Człowiek niezwykle aktywny, wszechstronny, o niespożytej energii, a przy tym skromny, oddany cały sobą Bogu i bliźnim. Wedle zgodnej opinii osób, które miały szczęście spotkać go na swojej drodze, prawdziwy „szaleniec Boży” i kandydat na ołtarze.

Stanisław Szczepański w swoich wspomnieniach dotyczących ks. Zieji pisał, iż dla niego to jeden z najważniejszych tematów, z jakimi w czasie całego życia miałem styczność. To rzecz święta. Tak jak Powstanie Warszawskie, Armia Krajowa, Katyń, Monte Cassino. To, co teraz piszę, z całą pewnością jest zrozumiałe dla każdego przedstawiciela mojego pokolenia. Wzrastaliśmy w klimacie niedopowiedzianych, mówionych szeptem i nie do końca, a tak do końca wyczuwanych spraw1. Kazimiera Iłłakowiczówna zaś podkreślała, iż przede wszystkim był on wrażliwy na krzywdę ludzką i niesprawiedliwość społeczną. Swoją postawą nawiązywał do najlepszych polskich tradycji społecznikowskich i obywatelskich. Gdziekolwiek się pojawiał, natychmiast powstawały uniwersytety ludowe, gimnazja chłopskie, kursy dokształcające, dom dla samotnych matek. /…/ Ludzie go kochali i trudno nawet dzisiaj wymienić wszystkie tytuły, którymi go obdarzali – sam ks. Zieja czułby się zapewne zakłopotany, gdyby je usłyszał. Pisano o nim: świadek Ewangelii, szaleniec Boży, prorok XX wieku, natchniony kaznodzieja, kapelan wszystkich potrzebujących. Ale chyba najwymowniejsze świadectwo pozostawił anonimowy osobnik, który przed wojną w Radomiu, napisał na drzwiach jego mieszkania: „Tu mieszka dobry ksiądz”. Papież Jan Paweł II, który jako biskup nominat uczestniczył w rekolekcjach prowadzonych przez ks. Zieję, określił go jako „kapłana o wybitnej osobowości”. Św. Urszula Ledóchowska mówiła o nim „bardzo dobry i święty”. Czy Święta mogła się mylić?2

***

Urodził się w 1897 r. w biednej chłopskiej rodzinie we wsi Osse w powiecie opoczyńskim. Od chodzącego po kolędzie proboszcza matka pięcioletniego Jana usłyszała, iż chłopca należy koniecznie edukować. Tak też się stało. Najpierw w domu, później na plebanii, zaś od 1907 r. w warszawskiej szkole Zieja pobierał nauki. W 1915 r. wstąpił do Seminarium Duchownego w Sandomierzu, gdzie w 1919 r. otrzymał święcenia kapłańskie z rąk biskupa Mariana Ryxa. W październiku tego roku rozpoczął studia na Wydziale Teologicznym Uniwersytetu Warszawskiego, które jednak wkrótce przerwał i zgłosił się w maju 1920 r. do wojska, w którym służył jako kapelan podczas wojny polsko-bolszewickiej.

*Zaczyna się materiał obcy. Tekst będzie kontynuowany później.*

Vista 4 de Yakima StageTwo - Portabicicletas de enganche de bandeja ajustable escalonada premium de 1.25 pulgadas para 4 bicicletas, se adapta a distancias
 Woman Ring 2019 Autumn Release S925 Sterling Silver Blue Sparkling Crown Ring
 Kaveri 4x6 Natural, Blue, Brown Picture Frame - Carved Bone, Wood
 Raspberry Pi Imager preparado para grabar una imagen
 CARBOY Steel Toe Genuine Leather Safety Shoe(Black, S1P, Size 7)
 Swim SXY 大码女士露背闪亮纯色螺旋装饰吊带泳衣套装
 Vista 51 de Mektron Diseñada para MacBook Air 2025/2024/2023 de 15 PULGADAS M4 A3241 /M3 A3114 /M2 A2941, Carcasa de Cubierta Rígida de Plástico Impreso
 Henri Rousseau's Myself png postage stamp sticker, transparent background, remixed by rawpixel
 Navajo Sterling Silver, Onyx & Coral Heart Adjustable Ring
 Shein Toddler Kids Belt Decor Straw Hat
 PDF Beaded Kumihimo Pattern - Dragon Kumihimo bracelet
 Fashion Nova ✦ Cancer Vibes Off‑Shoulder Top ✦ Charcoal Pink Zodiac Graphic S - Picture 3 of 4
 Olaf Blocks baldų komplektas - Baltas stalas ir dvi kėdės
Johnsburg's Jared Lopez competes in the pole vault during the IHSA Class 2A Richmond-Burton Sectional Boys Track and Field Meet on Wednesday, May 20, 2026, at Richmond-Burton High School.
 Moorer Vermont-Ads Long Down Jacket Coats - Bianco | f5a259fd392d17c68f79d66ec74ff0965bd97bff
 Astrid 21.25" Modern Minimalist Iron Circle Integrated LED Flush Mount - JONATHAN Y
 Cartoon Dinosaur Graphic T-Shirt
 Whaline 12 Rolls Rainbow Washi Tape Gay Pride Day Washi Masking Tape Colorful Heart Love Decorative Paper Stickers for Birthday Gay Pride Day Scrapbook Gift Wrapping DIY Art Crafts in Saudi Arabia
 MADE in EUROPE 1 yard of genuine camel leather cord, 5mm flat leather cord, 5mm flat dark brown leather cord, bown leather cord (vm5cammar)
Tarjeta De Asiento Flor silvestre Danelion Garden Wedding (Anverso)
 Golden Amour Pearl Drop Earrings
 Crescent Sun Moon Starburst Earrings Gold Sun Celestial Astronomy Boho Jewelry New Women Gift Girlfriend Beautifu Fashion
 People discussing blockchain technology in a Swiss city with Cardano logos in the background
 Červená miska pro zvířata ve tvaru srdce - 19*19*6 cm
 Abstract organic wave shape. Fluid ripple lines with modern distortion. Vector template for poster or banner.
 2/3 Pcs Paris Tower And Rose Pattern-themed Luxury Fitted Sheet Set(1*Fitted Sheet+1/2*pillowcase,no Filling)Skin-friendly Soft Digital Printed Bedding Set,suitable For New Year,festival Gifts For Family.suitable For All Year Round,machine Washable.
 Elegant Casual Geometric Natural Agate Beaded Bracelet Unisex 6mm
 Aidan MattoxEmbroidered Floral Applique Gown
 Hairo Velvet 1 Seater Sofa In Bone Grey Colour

Doświadczenia wojenne odcisnęły na nim niezatarte piętno. W latach późniejszych wspominał: Mój wzięty od Mickiewicza entuzjazm malał, gdy przechodziłem przez kolejne pola walk i potyczek. Widziałem, czym naprawdę jest wojna od strony nas, broniących się, i tych, którzy nas napastują. Całkowicie się wtedy nawróciłem na przekonanie, że Boskie przykazanie: Nie zabijaj znaczy nigdy nikogo, że udział w wojnie jest przeciw woli Bożej3. To przekonanie utwierdzą w nim później walki bratobójcze w trakcie zamachu majowego z roku 1926.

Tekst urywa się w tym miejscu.